If the covered entity has not reserved its right…to change a privacy practice that is stated in the Notice, the covered entity is bound by the privacy practices as stated in the Notice with respect to PHI created or received while such notice is in effect. A covered entity may change a privacy practice that is stated in the Notice, and the related policies and procedures, without having reserved the right to do so, provided that the change meets the implementation requirements in the paragraph just above and that "such change is effective only with respect to PHI created or received after the effective date of the notice."

Specification: Changes to Other Policies or Procedures
"A covered entity (§164.530(i)(5)) may change at any time, a policy or procedure that does not materially affect the content of the Notice…provided that:

  • The policy or procedure, as revised, complies with the standards, requirements, and implementation specification of this subpart; and

  • Prior to the effective date of the change, the policy or procedure, as revised, is documented."

Standard: Documentation

"A covered entity (§164.530(j)(1)) must:

  • Maintain the policies and procedures provided for [above] in written or electronic form;

  • If a communication is required by this [Rule] to be in writing, maintain such writing, or an electronic copy, as documentation; and

  • If an action, activity , or designation is required by this [Rule] to be documented, maintain a written or electronic record of such action, activity, or designation."

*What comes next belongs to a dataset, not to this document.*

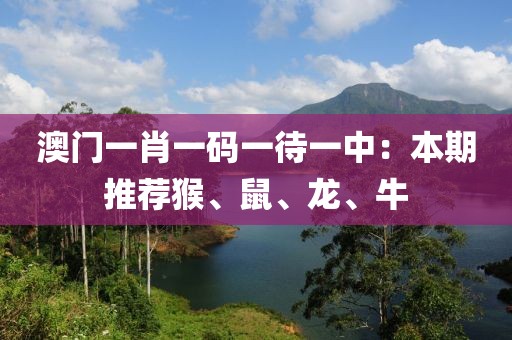 澳门一肖一码一待一中：本期推荐猴、鼠、龙、牛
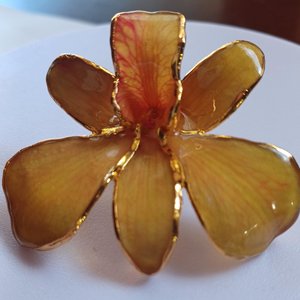 Vintage Real Orchid Gold Plated Edges and Back Brooch Stick Pin, Mother's Day Gift, Flower Pin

Specification: Retention Period
"A covered entity (§164.530(j)(2)) must retain the documentation required…for six years from the date of its creation or the date when it last was in effect, whichever is later."

Standard: Group Health Plans

A group health plan is not subject to the standards or implementation noted above in "personnel designations," "training," "safeguards," "complaints to the covered entity," "sanctions," "mitigation," and "policies and procedures" to the extent that:

  • The group health plan provides health benefits solely through an insurance contract with a health insurance issuer or an HMO; and

  • The group health plan does not create or receive PHI, except for
    • summary health information,
    • information on whether the individual is participating in the group health plan, or is enrolled in or has disenrolled from a health insurance issuer or HMO offered by the plan.

For those documents that the group health plan is required to maintain, and the like, it must meet all of the documentation requirements noted above.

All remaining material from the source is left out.